No entanto, de acordo com a Europol, 249 ataques terroristas vinculados a diferentes grupos separatistas ou extremistas religiosos de todo tipo foram contabilizados em 2010, 84 deles na França, o país só fica atrás da Espanha, com 90 casos. Ao todo, 179 pessoas foram detidas por terrorismo islâmico no último ano, 50% a mais que em 2009. Como nos anos precedentes, originários do norte da África representam um terço deles.
Em maio desse ano, apesar da morte de Bin Laden, o governo francês negou a diminuição do risco de atentados.

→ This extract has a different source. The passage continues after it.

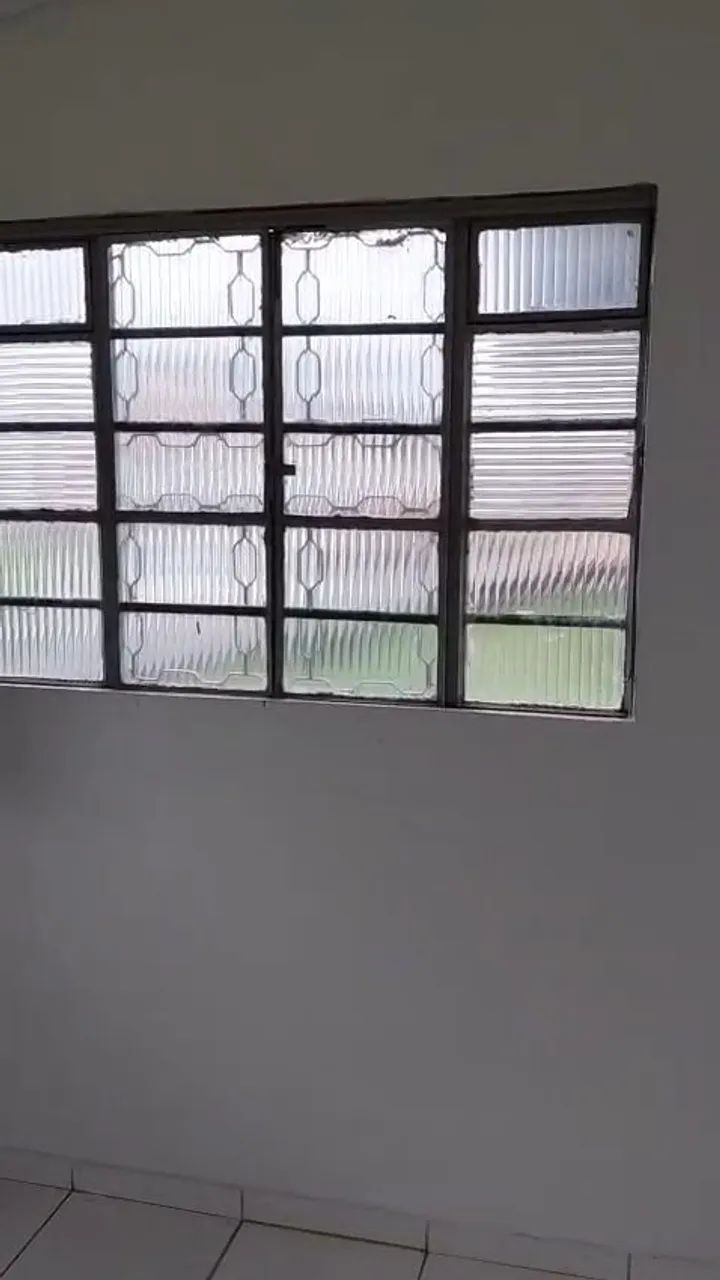 ALUGO CASA 1° ANDAR BARRO DURO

A eliminação do terrorista mais procurado do mundo foi tida como um ato de justiça, pelo presidente americano Barack Obama e como o emblema do fim de um ciclo que poderia se fechar com a retirada das tropas americanas do Iraque e do Afeganistão.
Islamofobia
“A discriminação na França não é apenas étnica ou racial, mas religiosa”, afirma Martinez-Gros. O uso de símbolos religiosos é interpretado como um sinal de não integração. O sociólogo francês, Vincent Geisser, em seu livro La nouvelle Islamophobie, fala do aumento de atos islamofóbico no país. Os mulçumanos são especialmente atingidos por questões sociais, 29,5% deles estão desempregados, o número é o dobro da media nacional.
“Nunca falou-se tanto em Islã como depois dos atentados. O fenômeno islâmico na França se banalizou, ao mesmo tempo que houve um movimento de crítica, distanciamento e desconfiança sobre a questão religiosa”, diz Amghar. Ele defende que existe na Europa o mito do “Islã conquistador”. A ameaça de que poderia haver uma conversão dos mulçumanos franceses, que entrariam nos partidos políticos e no final, criariam um estado islâmico. Em abril de 2011, a interdição da Burca, véu integral, em lugares públicos reacendeu o debate sobre a integração dos mulçumanos no país.